After looking over some pictures showing a selection of his work, we
discussed every element of the knife including the basics of blade steel
selection, tempering, and primary grinding. We also covered such specifics
as the blade geometry, the balance point, choice of material for the scales
(and thickness) etc.. Even small details like should the final edge be
convex or V ground were covered. This was not me saying I want this or this,
but rather I would state how I wanted the knife to perform and we would then
discuss the specifics.

We settled on a 3/32" thick, 4" long D2 blade uniformly heat treated to
62 RC with Kingwood scales for a durable and comfortable grip. The blade had
a very fine drop point for controlled detailed work and a slight recurve to
enhance slicing ability. Total cost was only $130.

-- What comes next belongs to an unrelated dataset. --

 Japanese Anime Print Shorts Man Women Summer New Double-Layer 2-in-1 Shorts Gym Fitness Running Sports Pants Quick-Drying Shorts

I have only had the knife for a few days but initial testing has been
extremely positive. It came from Mel with a really sharp convex edge. The
blade is very thin but still very stiff. If I take a grip near the tip I can
get it to flex a little much not very much, enough to feel but not visually
significant. It does not flex enough to be noticeable during slicing which is
what I wanted.

Because of the very thin stock, full flat grind and very nice edge it
slices really well. For example if I just use the blade near the tip (not
taking advantage of the recurve) it will still push cut quite easily through
junk mail packed envelopes thicker than it. The edge bites really well and
does not want to slip even when cutting near the tip in this fashion where
the blade is actually curving away from the material. The performance is so
high that when cutting rope I don't have to slice very much at all but can
actually pull the knife right through doing more of a push cut.

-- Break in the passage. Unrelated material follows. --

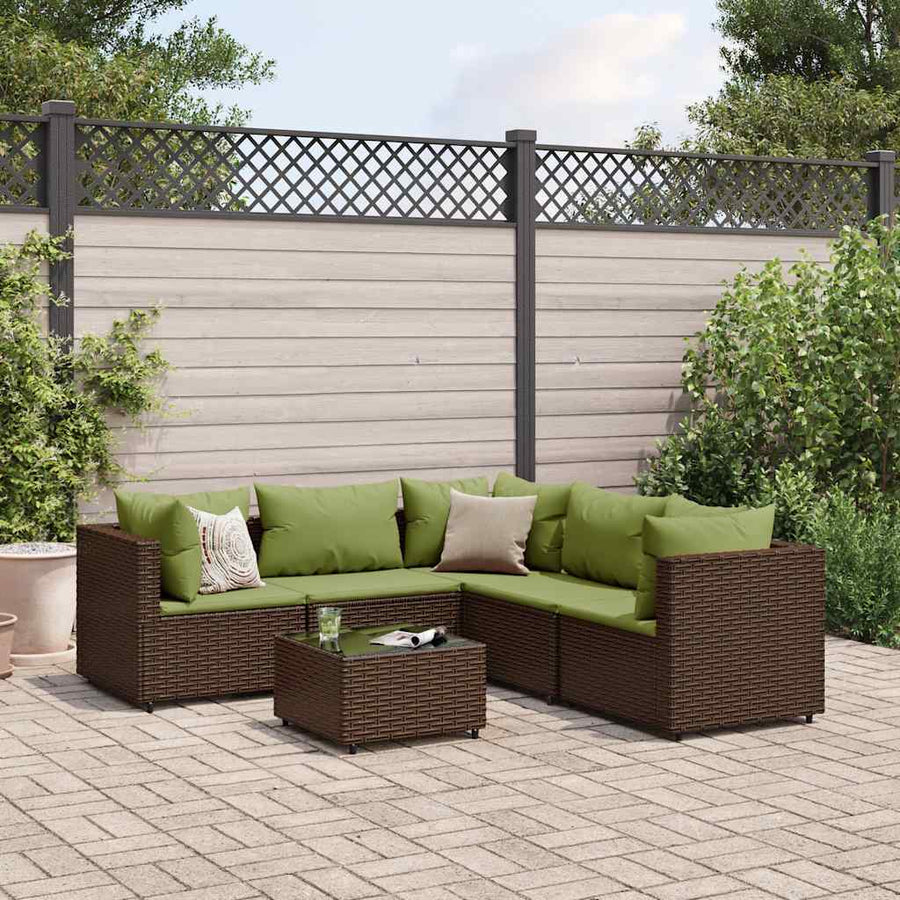 6-Delige Loungeset Met Kussens Poly Rattan 1 Bruin en groen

As an indication of its performance it far out cuts my mini AFCK in M2
which I have reground to an edge that is far lower than the Benchmade
standard. The mini AFCK has a secondary bevel of about 15 degrees and is
very sharp (will push cut free hanging paper, shave quite easily etc.). It
is a very nice slicer but it feels "sticky" when compared to the custom
fixed blade with thinner stock and lower primary grind. After a few days of
cutting cardboard, rope, hard plastics, some soft metal (thin aluminium), the
M2 edge has degraded much more than the D2 on the drop point hunter (which
is not noticeablely different).

Anyway my initial cutting has been very positive. The knife cuts very
well and has excellent edge retention. I would not hesitate to recommend Mel
Sorg as a custom knife maker. I plan to do some testing in the upcoming days
to see how durable the edge is and how easy it is to resharpen.


[This message has been edited by Cliff Stamp (edited 26 February 1999).]
So nice to read your post since I have ordered a 4.5" skinner from Mel and have been giving some thought to a smaller utility companion knife. He knows his stuff.
Apparently you do too.
I chose to leave more of the details (grind,thickness,etc.) to Mel as I feel he knows more about blades than I do. I agree D2 is a great choice of steel. I went with ironwood scales and one of his "swinger" sheaths.
Mel seems like great guy.
You Cut--I Wait.
Mel was extreemly easy to work with and willing to make the knife that would work best for me - I would not hesitate to recommend him.

Note that I left most of the decisions to him. The discussion was along the lines of me describing what I wanted and making my suggestion for the initial specs and then him adjusting them based on his experience. For example I knew I wanted something with very thin stock (hoping to get something thinner than 1/8"). I also knew I didn't want it to flex like a fillet knife. So basically I said Mel choose the thinnest stock that just barely flexes. He was right on with his pick of 3/32" as it will just flex it I try to bend it but it stiff enough not to bend while cutting. It was the same with just about everything else.

It was also the first knife that I bought in a long time that I didn't want to reprofile or even sharpen the edge. It came with a nice low convex bevel that was very sharp, easily able to push cut through paper, cardboard etc.